JAKARTA, SAWIT INDONESIA – Peremajaan Sawit Rakyat (PSR) berjalan tersendat-sendat di tahun ini. Sampai Mei 2022, realisasi kegiatan PSR baru 0,88% atau sekitar 1.540 hektare. Masalah legalitas dan klaim kawasan hutan di kebun petani menjadi hambatan utama. Program strategis Presiden Jokowi terancam gagal.
Rino Afrino, Sekjen DPP Asosiasi Petani Kelapa Sawit Indonesia (APKASINDO) menjelaskan bahwa tantangan kegiatan PSR diantaranya persyaratan yang harus dipenuhi petani berkaitan keterangan bebas kawasan hutan, bebas HGU, dan validasi NIK sebagaimana rekomendasi dari Badan Pemeriksa Keuangan RI.
“Tantangan berat lainnya adalah legalitas lahan. Memang legalitas lahan menunjukkan petani sawit kalau dilihat dari SK Kehutanan dinyatakan dalam kawasan hutan. Walaupun sudah mengikuti program transmigrasi semenjak 30 tahun lalu. Lalu telah memiliki generasi keturunan di lahan tersebut. Bahkan kawasan tersebut telah menjadi kampung dengan memiliki fasos dan fasum.
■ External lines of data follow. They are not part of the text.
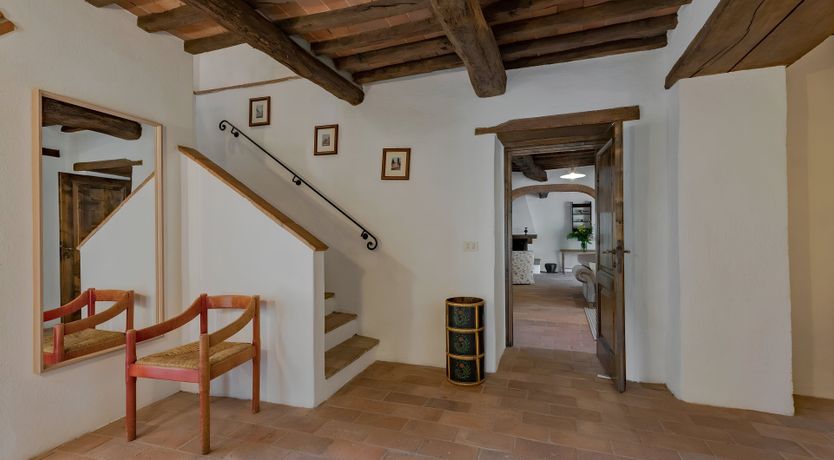 Photo of The Ode to Beauty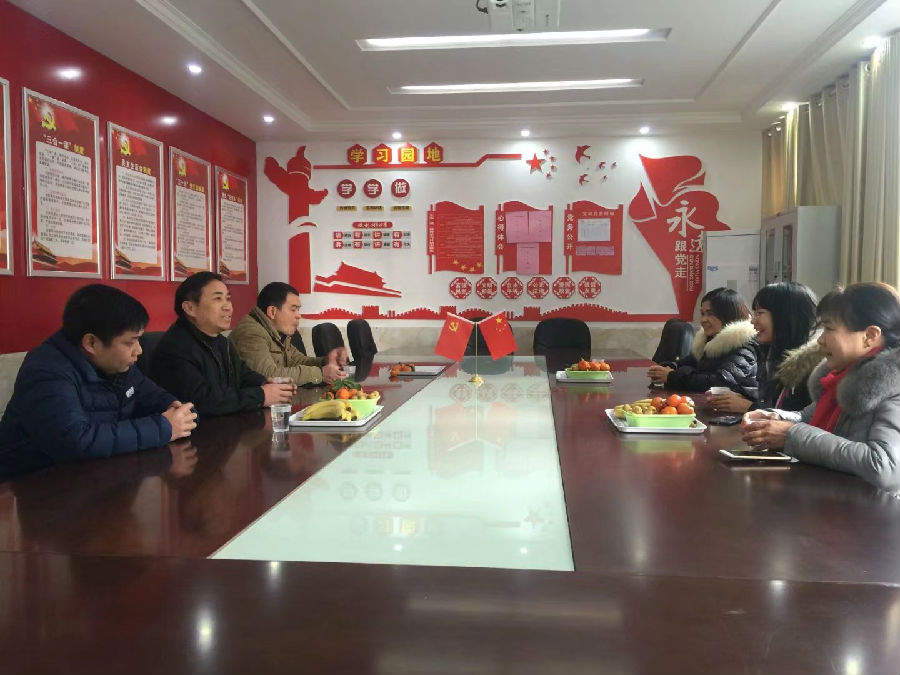 20180117095346_qbgq47cxhi 20180117095346_qbgq47cxhi.jpg?v=1761881231246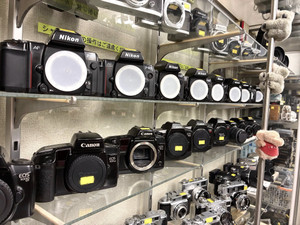 596809567_32724238433858412_2071897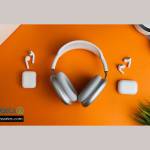 Gadgets and Accessories Profile Picture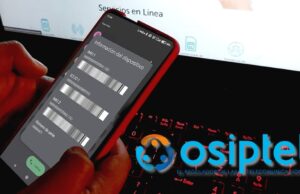 Gobierno ordena bloqueo de 300 mil líneas móviles en polémica medida contra el crimen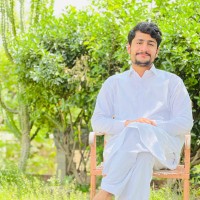 Gul Muhammad Khan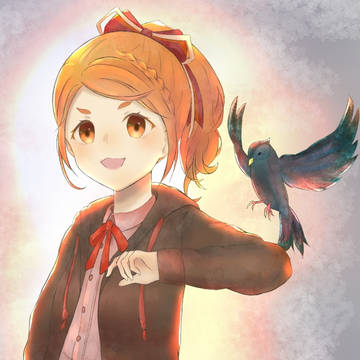 河野都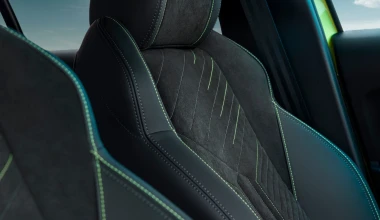 Το supermini που συνδυάζει τα πάντα και κοστίζει 18.500 ευρώ - Προσφέρει κορυφαίο value for money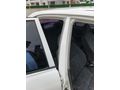 Sahibinden Hyundai Accent 1.5 GLS 1999 Model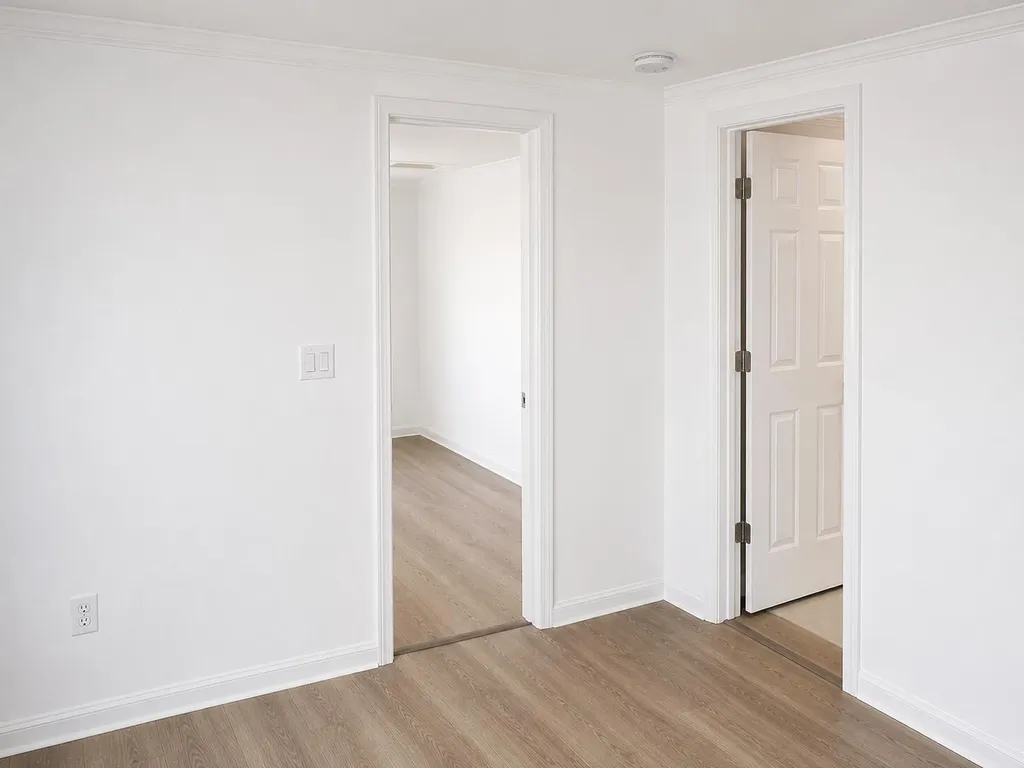 1004 E Marble Street Burnet TX 78611
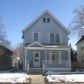 825 21st St, Rock Island, IL 61201 ID:15374939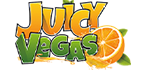 Juicy Vegas Casino Review 2024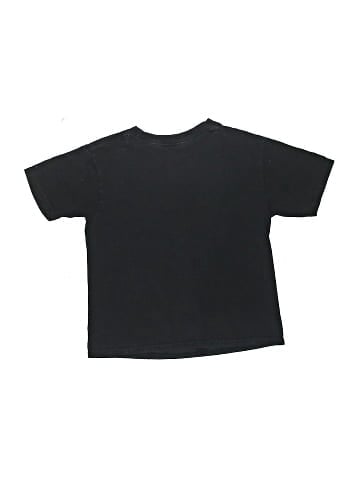 Marvel Short Sleeve T-Shirt (view 2)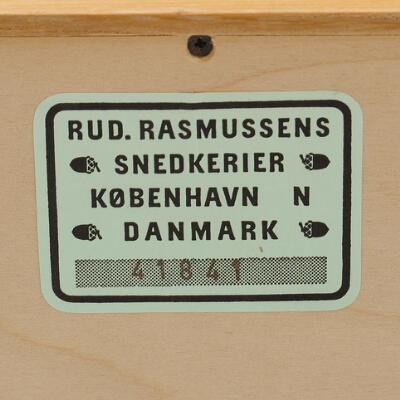 5. billede ud af i alt 5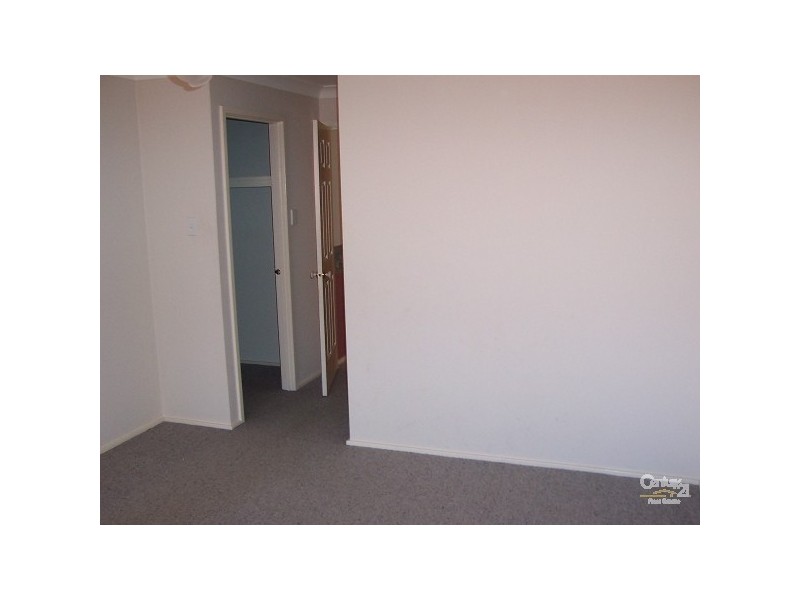 7 Hill Street, Wentworth Falls NSW 2782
Tapi Kementerian LHK tetap mengklaim dalam kawasan hutan,” ujar Rino dalam webinar bertemakan “Permasalahan Lahan dan Upaya Meningkatkan Kesejahteraan Petani Kelapa Sawit”, Kamis (1 September 2022).
Rino menegaskan bahwa kegiatan masyarakat tadi bukan berarti sengaja merambah hutan tetap sudah ada disana semenjak puluhan tahun lalu.
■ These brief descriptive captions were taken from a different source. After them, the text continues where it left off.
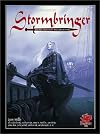 Stormbringer (5th Edition)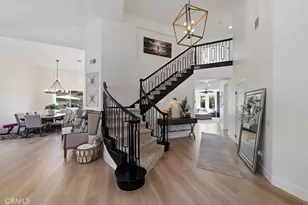 13786 Staghorn Ct, Yucaipa, CA 92399 - Photo 11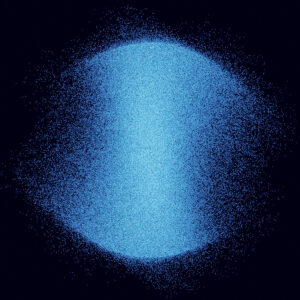 Photo credit: George Clarke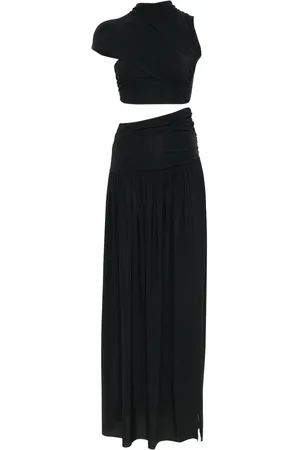 Amazuìn Dana Maxikleid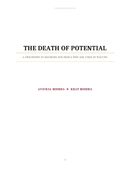 The Death Of Potential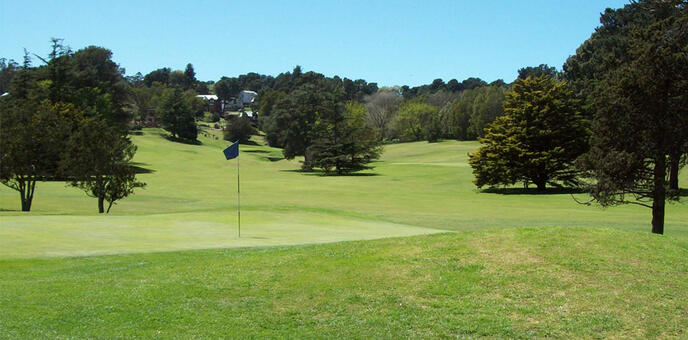 GC SIERRA DE LOS PADRES 006 N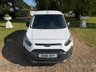 USED 2025 18 FORD TRANSIT CONNECT 1.5 TDCi 220 Panel Van 5dr Diesel Manual L1 H1 (120 g/km, 74 bhp) 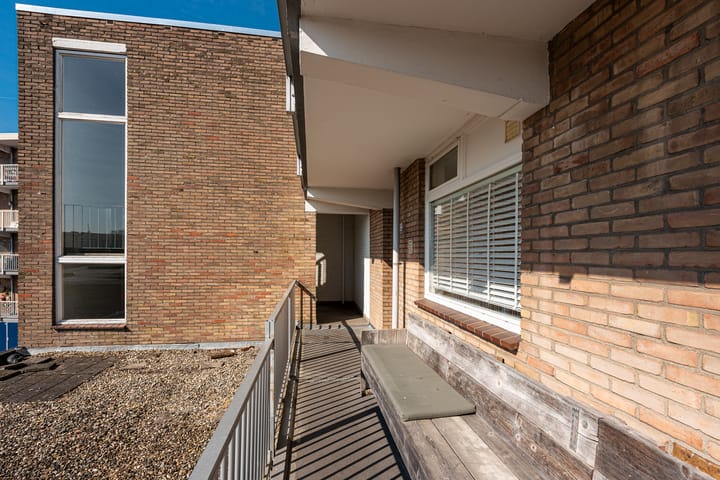 Foto 4 van Laarderweg 152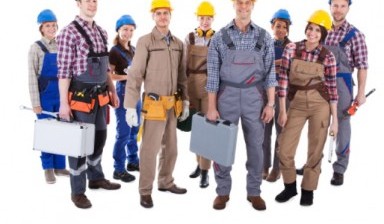 Объявление от Mih ALi: «Construction of houses, cheap» 1 photos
Dalam studi kasus permasalahan lahan yang dialami petani sawit salah satunya KUD Raharja Tani Jaya. Petani yang transmigran sejak tahun 1986 dan sudah memiliki SHM sejak tahun 1991 pada lahan seluas 255,82 ha. Namun berdasarkan overlay kawasan hutan, ternyata lahan sawit petani anggota KUD Raharja Tani Jaya masuk dalam kawasan areal Hutan Produksi Konversi (HPK) seluas 239,89 ha atau hampir 93,77%.
Mekanisme penyelesaian kebun masyarakat dalam kawasan hutan belum dapat memberikan solusi dan kepastian hukum. Sebagai contoh, penyelesaiaan melalui PP Nomor 23/21 tentang Penyelenggaraan Kehutanan mewajibkan petani harus menunjukkan bukti kepemilikan kebun di atas 25 tahun apabila ingin dibebaskan dari kawasan hutan.
Apabila di bawah 20 tahun, lahan petani masuk ke skema perhutanan sosial.”Ini menjadi aneh bagaimana lahan milik kita bisa menjadi areal perhutanan sosial. Di sisi lain, pola perhutanan sosial tidak mengakui kelapa sawit di lahan perhutanan sosial. Akibatnya, petani sawit tidak bisa ikut PSR,” urainya.
Rino mengatakan tidak adanya kepastian hukum bagi lahan inilah yang menjadi momok bagi petani sawit untuk meneruskan kegiatan budidayanya.
“Masalah lain yang menganggu petani dalam PSR adalah syarat bebas gambut. Padahal, kebun petani kerap kali berada ditempatkan di lahan marginal seperti gambut, bukan berada di tanah super subur. Kalau ini diterapkan, petani yang berada di lahan gambut tidak bisa mengajukan dana PSR,” urainya.
Rino menegakan ada tiga dampak nyata Perkebunan Sawit Rakyat yang terindikasi masuk dalam Kawasan hutan, diantaranya petani sawit rakyat terancam tidak bisa lagi ikut program peremajaan sawit rakyat (PSR) dan SARPRAS yang dicanangkan oleh Presiden dan Wakil Presiden.
Kedua, petani sawit rakyat terancam tidak bisa mengikuti program sertifikasi ISPO sebagai syarat masuk ke pasar. Ketiga, ketahanan energi berupa program Biodiesel oleh Bapak Presiden terancam berhenti.